→ What to work on
As the output, give exactly the lines that run from the one with "thumbnail image 3" through the end of the records below, and omit pictures.

→ Records for this exercise
◆ ◆ ◆ ◆ ◆

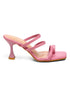 GNIST Pink Multi Strap Stilettos Heel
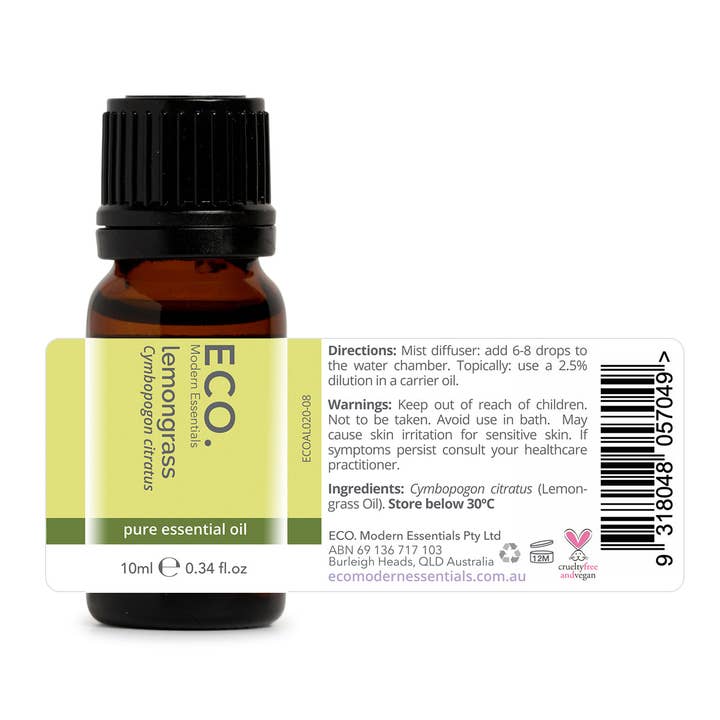 ECO. Modern Essentials - Wholesale Essential oil - Lemongrass Pure Essential Oil3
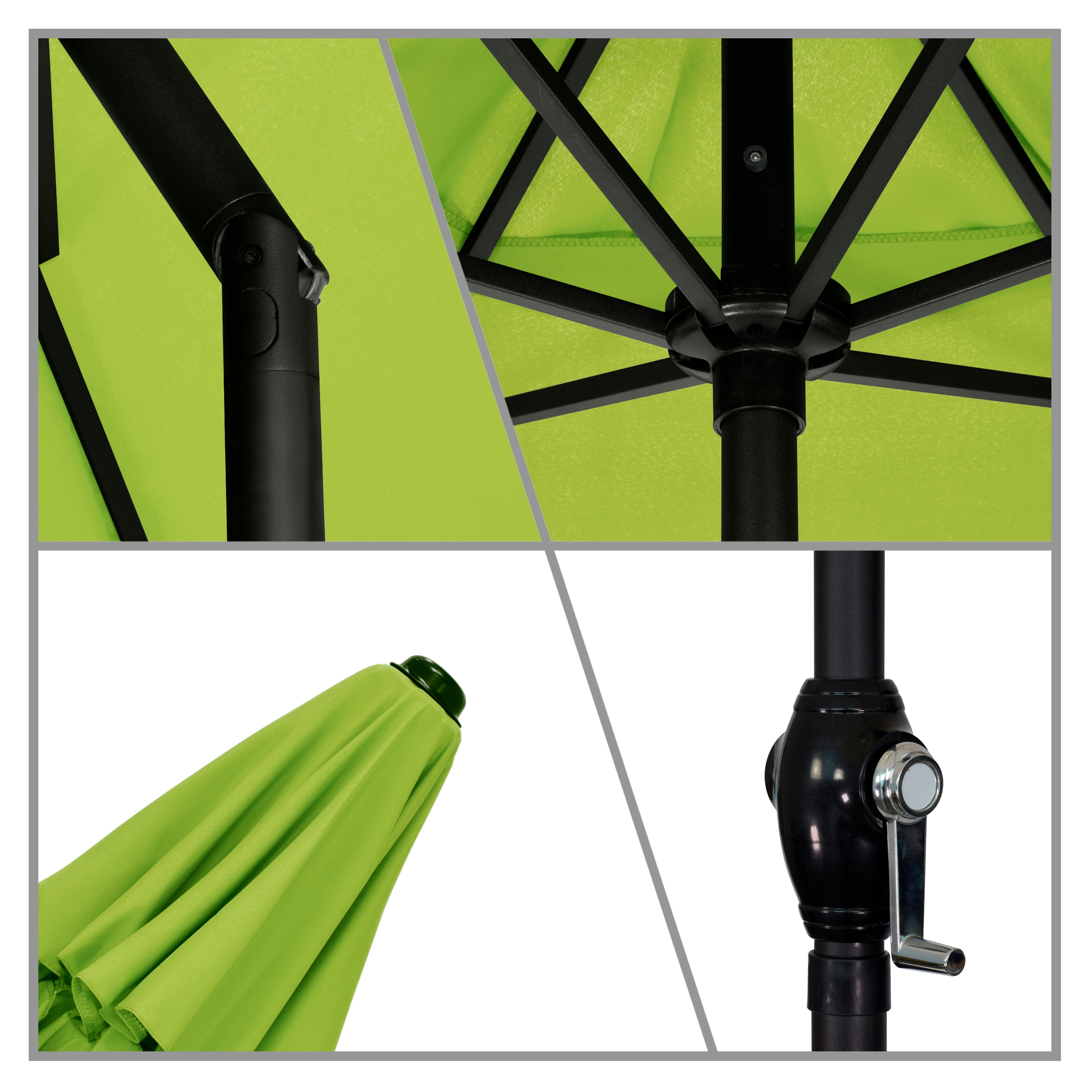 Astella 9-ft Solid Push-button Tilt Market Patio Umbrella in the Patio ...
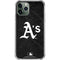 MLB Oakland Athletics Dark Wash iPhone 12 Pro Max Clear Case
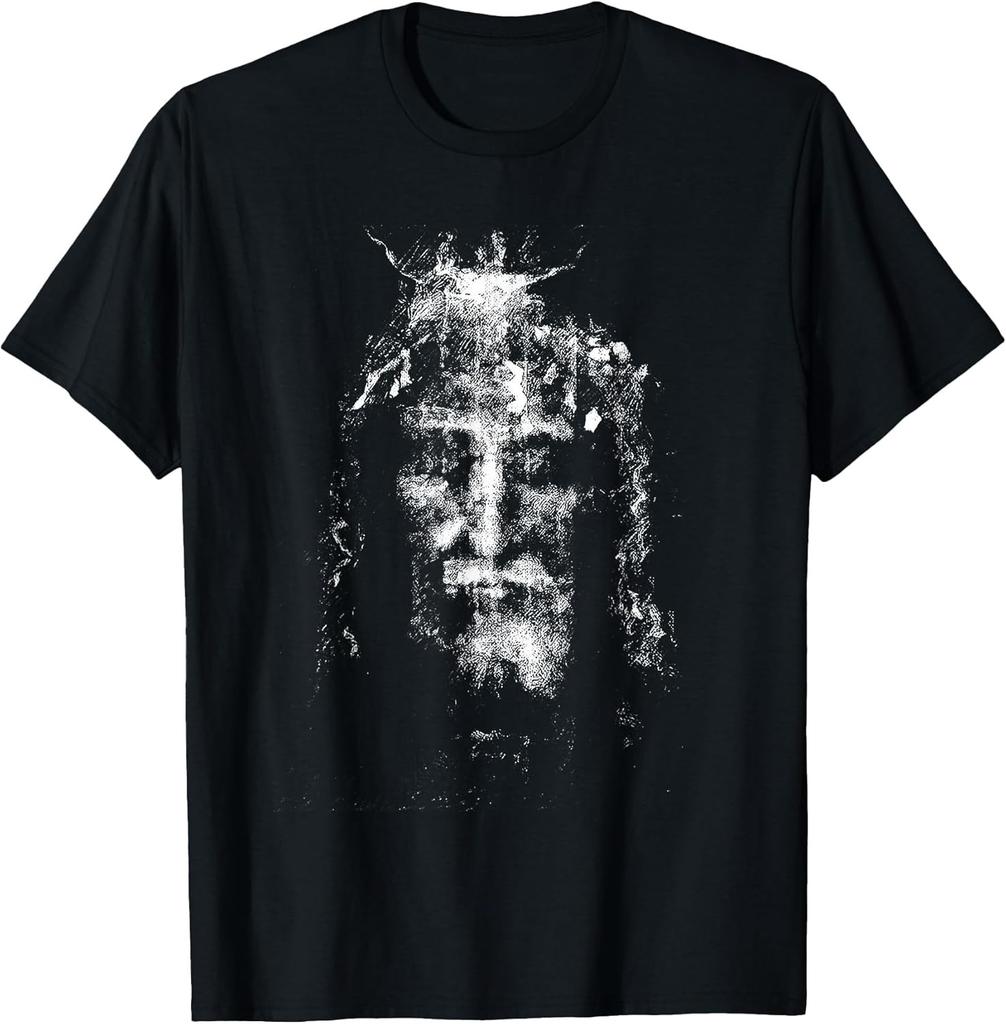Shroud Of Turin: Holy Face Of Jesus Vintage Cotton Tee - MADE IN USA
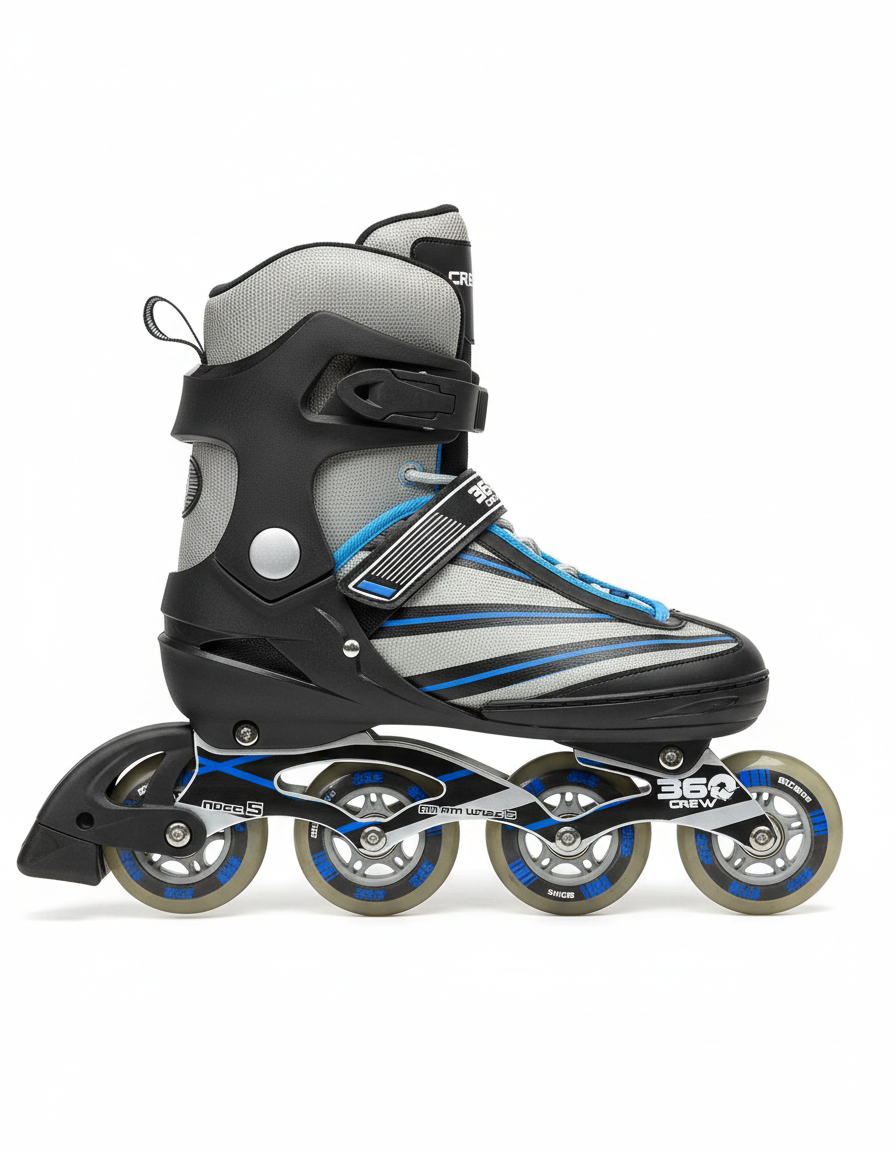 Inline skate side profile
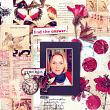 Digital Scrapbook Layout using "No Big Deal" collection by alinalove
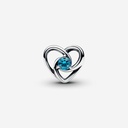 Charm Pandora Corazón y Gemas Entrelazados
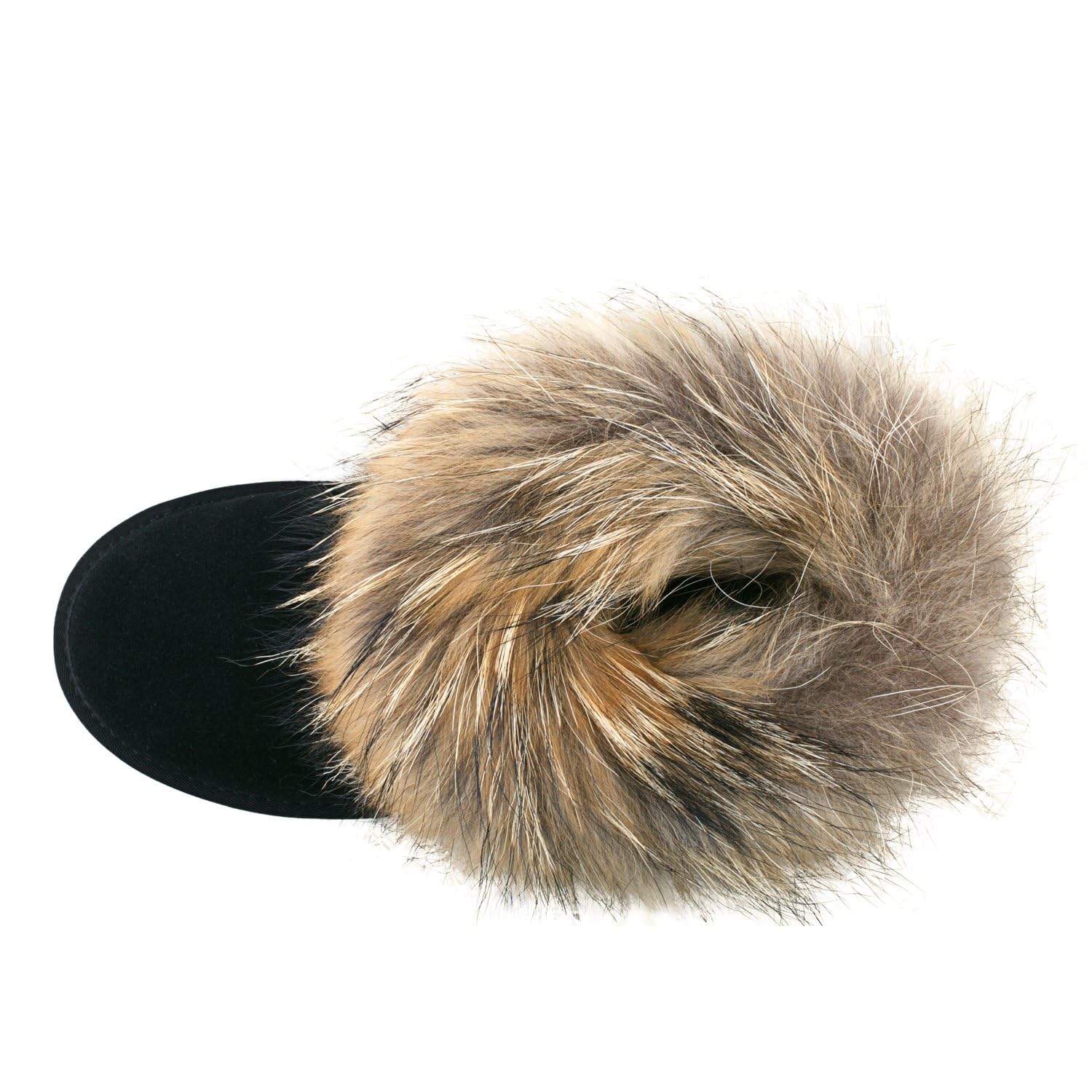 Shenduo Mujer Piel Botas Invierno Forrado de Piel Peluche | Forradas de Piel Cálido Clásico Material Cuero Botas para Clima Frío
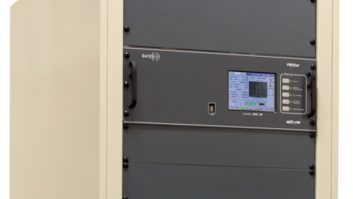 GatesAir Flexiva FAX20 air-cooled transmitter closeup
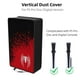 thumbnail image 3 of Compatible con PlayStation 5 Pro - Funda protectora antipolvo, antiarañazos, ajuste de precisión, almacenamiento vertical de la consola-Negro Rojo, 3 of 6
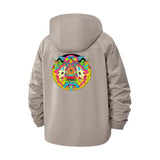 Psychedelic Tiger Unisex Full-Zip Printed Waterproof Hooded Windbreaker
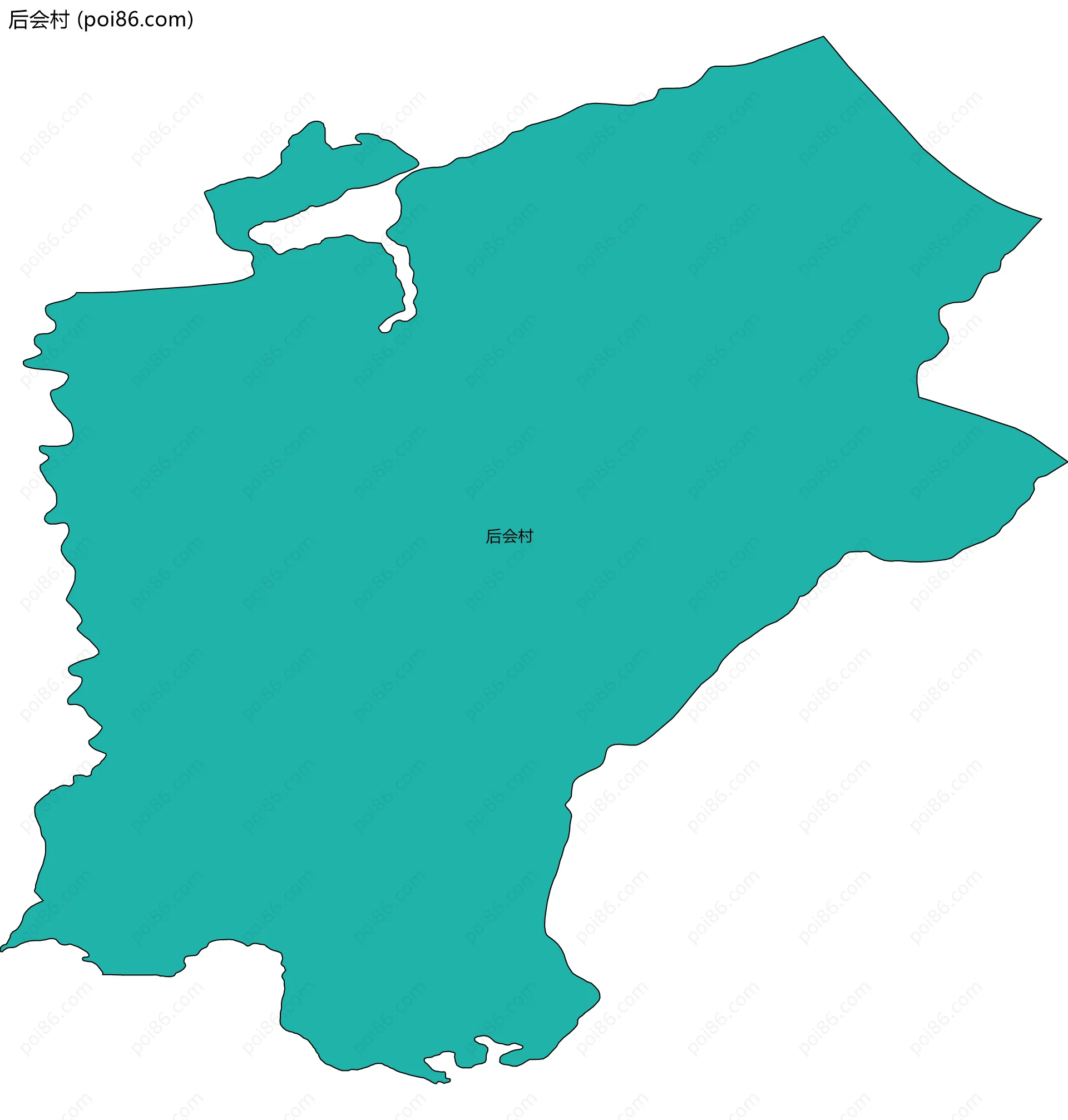 后会村边界地图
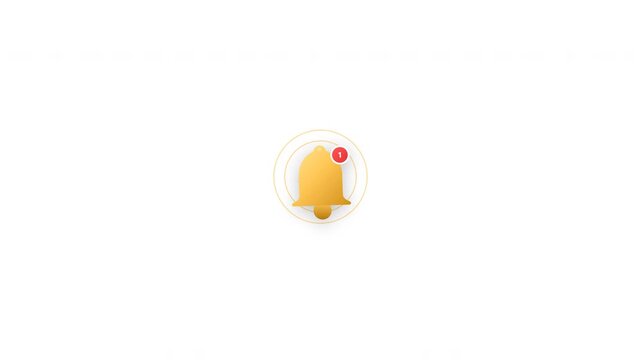A notification bell icon on a white background, signifying alerts and important updates for users online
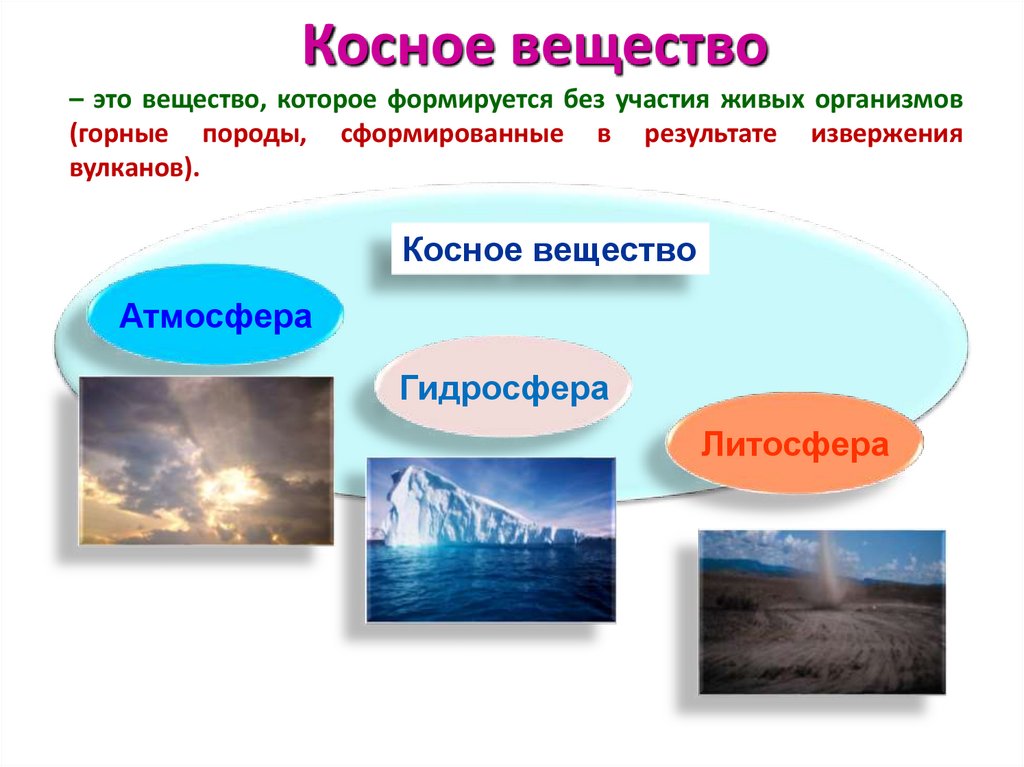 Косное вещество по вернадскому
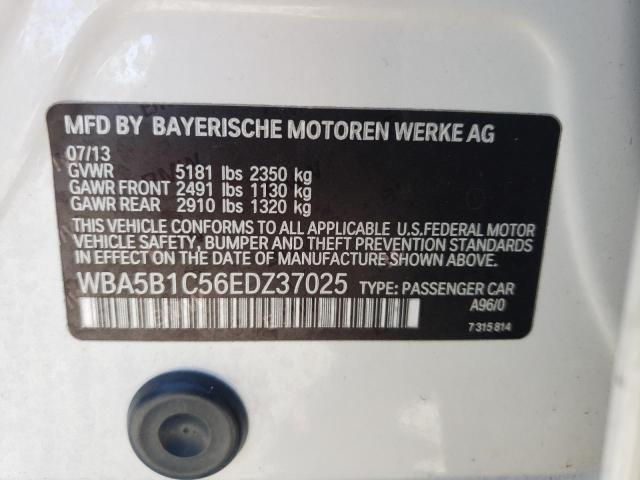 Photo 10 from auction – 2014 BMW 535 I with VIN WBA5B1C56EDZ37025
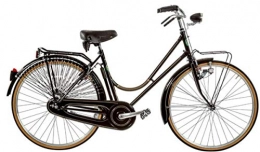 Cicli Puzone Biciclette da città CICLI PUZONE Bici R Misura 26 Donna con FILETTI Freni A Bacchetta Art. R26D (Nero)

◆ ◆ ◆ ◆ ◆

→ Finished exercise
 thumbnail image 3 of Compatible con PlayStation 5 Pro - Funda protectora antipolvo, antiarañazos, ajuste de precisión, almacenamiento vertical de la consola-Negro Rojo, 3 of 6
 Psychedelic Tiger Unisex Full-Zip Printed Waterproof Hooded Windbreaker
 后会村边界地图
A notification bell icon on a white background, signifying alerts and important updates for users online
 Косное вещество по вернадскому
 Photo 10 from auction – 2014 BMW 535 I with VIN WBA5B1C56EDZ37025
 Cicli Puzone Biciclette da città CICLI PUZONE Bici R Misura 26 Donna con FILETTI Freni A Bacchetta Art. R26D (Nero)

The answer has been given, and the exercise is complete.